- Interactive map of Hanazono Site
- 34°47′51″N 132°51′34″E﻿ / ﻿34.79750°N 132.85944°E
- Type: burial mound cluster
- Periods: Yayoi period
- Location: Miyoshi, Hiroshima, Japan
- Region: San'yō region

Site notes
- Public access: Yes (no facilities)

= Hanazono Site =

Hanazono Site (花園遺跡) is a Yayoi period Necropolis, located in the Tokaichi neighborhood of the city of Miyoshi, Hiroshima Prefecture, in the San'yō region of Japan. The tumulus cluster was designated a National Historic Site of Japan in 1978.

==Overview==
The Hanazono Site is located in low hilly terrain develops on the southern edge of the Miyoshi Basin, and one branch of the hill extends north toward JR Miyoshi Station. Surveys revealed a large number of trapezoidal burial mounds and square grooved tombs built in the middle to late Yayoi period at an elevation of 190 meters on the northern slope of the hill.

Burial Mound No. 1 is located at the highest point of Hanazono Hills, and measures 32 meters east–west and 18 meters north–south. The north side is a sloping surface, and stones are piled up to a height of about 1.3 meters to prepare the front view of the platform-shaped cemetery. The east and west sides are similarly lined with stones, but the method is somewhat sparse, and the south side has a ditch one to two meters wide and 0.2 meters deep. The platform contained a large number of pits, some stone-lined, with two or three pits arranged in pairs in the center of the grave area. Burials included 40 directly into the soil of the mound, 23 in stone-lined burial chambers directly into the soil, 23 in stone sarcophagi for a total 86. The direct burials tended to be in the southern portion of the mound, and the stone-lined or stone sarcophagi in the north. Many of the stone sarcophagi were very small, although it is not known of these were for children, or were ossuaries used after reburial.

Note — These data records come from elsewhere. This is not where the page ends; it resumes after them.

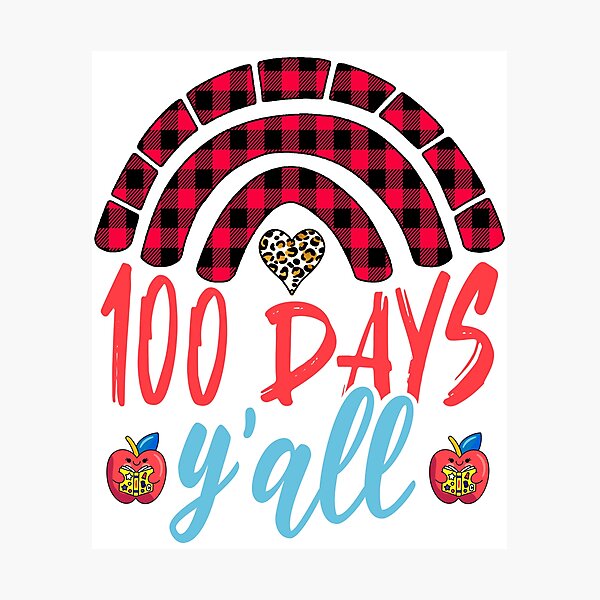 Item preview, 100 Days Y'all, Funny 100th Day Of School designed and sold by MoSaid.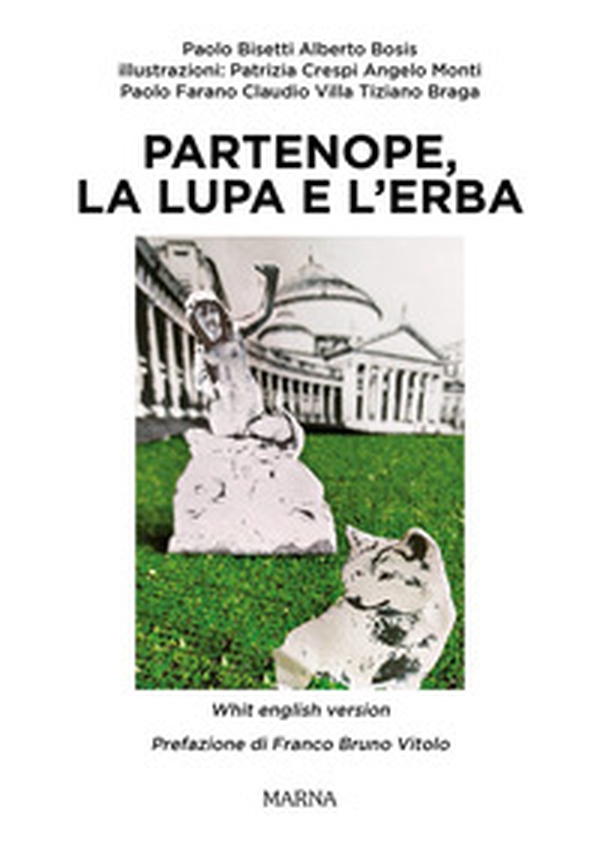 Partenope, la lupa e l'erba - Librerie.coop Partenope, la lupa e l'erba - Librerie.coop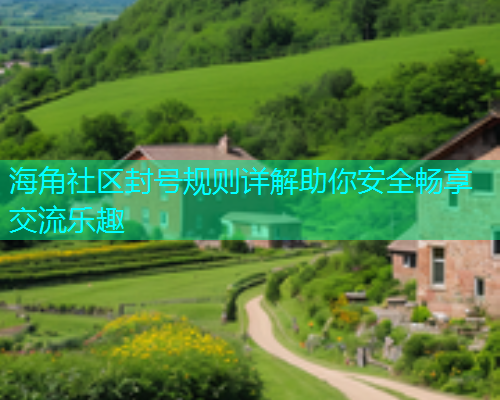 海角社区封号规则详解助你安全畅享交流乐趣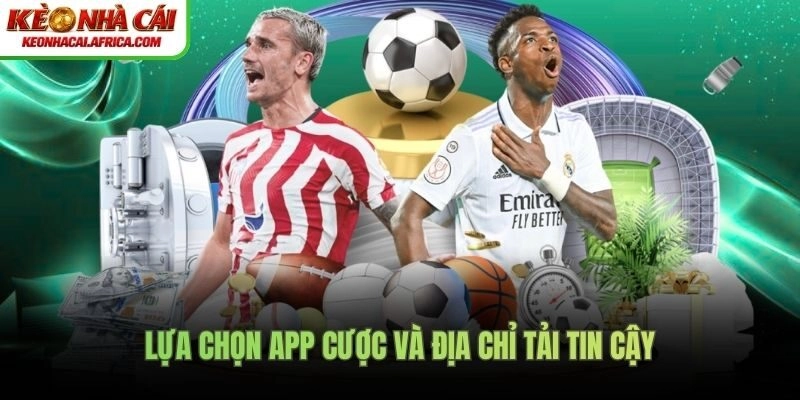 Lựa chọn app cược và địa chỉ tải tin cậy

Burial Mound No. 2 is adjacent to the northwest of Mound No. 1 with a slight axis shift and has a rectangular shape measuring 15 meters east–west and 9 meters north–south. As with Mound No.1, a front was created on the north side with stones are placed on the slope, and stones were arranged on the other sides to create a clearly trapezoidal tomb area. The mound contained five direct burials, one stone-lined burial and one stone sarcophagus for a total of six. Mound No. 3 is adjacent to Mound No. 1 to the north and Mound No. 2 to the east, but its size is unknown as it does not have a ditch to clearly define the area. It contained two direct burials, nine stone-lined burials and four stone sarcophagi.

Aside from the above three burial mounds, there are three smaller square burial mounds to the north, which appear to have many burials, but which have not been fully excavated.

The site is about seven minutes by car from JR West Geibi Line Miyoshi Station.